"Gehen Sie immer davon aus, dass es sexualisierte Gewalterfahrung in der Vergangenheit eines Menschen oder dessen Umgebung geben könnte, die nicht erinnert wird oder über die nicht gesprochen werden kann oder will", gab Diplompsychologin Ruth Petri vom Frauennotruf Trier den Teilnehmenden mit auf den Weg und berichtete von ihren Erfahrungen aus der Beratungsstelle mit jährlich etwa 100 Fällen. Mögliche Scham- und Schuldgefühle bei den Opfern müssten stets mitbedacht werden.
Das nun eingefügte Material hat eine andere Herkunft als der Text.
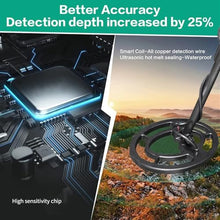 FENOKD Metal Detector, Professional Metal Detector High Performance Underground Metal Detector Three Detect Mode Coins Jewelry All Metal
In Ihrer Arbeit zeigt sie den betroffenen Frauen explizit auf, dass diese nicht Schuld haben, an dem was passiert ist, sondern dass sie Opfer geworden sind, weil sie eine Frau sind. In der Ursachenforschung betont sie, ist die Triebtheorie längst überholt und wird sexualisierte Gewalt viel mehr als Ausdruck von Macht und Kontrolle gesehen. Darum spielt sie auch gehäuft in Trennungssituationen eine Rolle. Traumatisierungen bzw. Retraumatisierung kann die Folge sein, abhängig davon wie sexualisierte Gewalt erlebt wird. Sucht, beziehungs- oder körperliche Probleme, Ängste, Depressionen und vieles weitere können in der Folge ausgelöst werden. Sie betont, dass die Folgen und der Umgang mit dem Ereignis stark individuell sind und gibt den Ombudspersonen mit auf dem Weg, dass es immer darum geht zu erfahren, was die jeweils betroffene Frau in dem Moment benötigt.
Für die richtige Sprache und Gesprächsführung schärfte die Psychologin Anne Tönnissen, Referentin Fachstelle Prävention gegen sexualisierte Gewalt des Bistums Trier, den Teilnehmenden den Blick. Sie sensibilisierte für mögliche Stolpersteine, die ein Gespräch behindern könnten und erörtere Lösungsansätze für eine gute Gesprächsführung. Neben einer guten Vor- und Nachbereitung, betonte Tönnissen, wie wichtig es sei, zunächst einmal zuzuhören und die eigene Interpretation hintenan zu stellen, um wertfrei zu klären, worum es der Person geht. Ganz konkret gab sie den Teilnehmenden für die Gesprächsführung bei sogenannten Verdachtsfällen die WWSZ-Strategie (Warten-Wiederholen-Spiegeln-Zusammenfassen) an die Hand, um das Gespräch gut zu strukturieren.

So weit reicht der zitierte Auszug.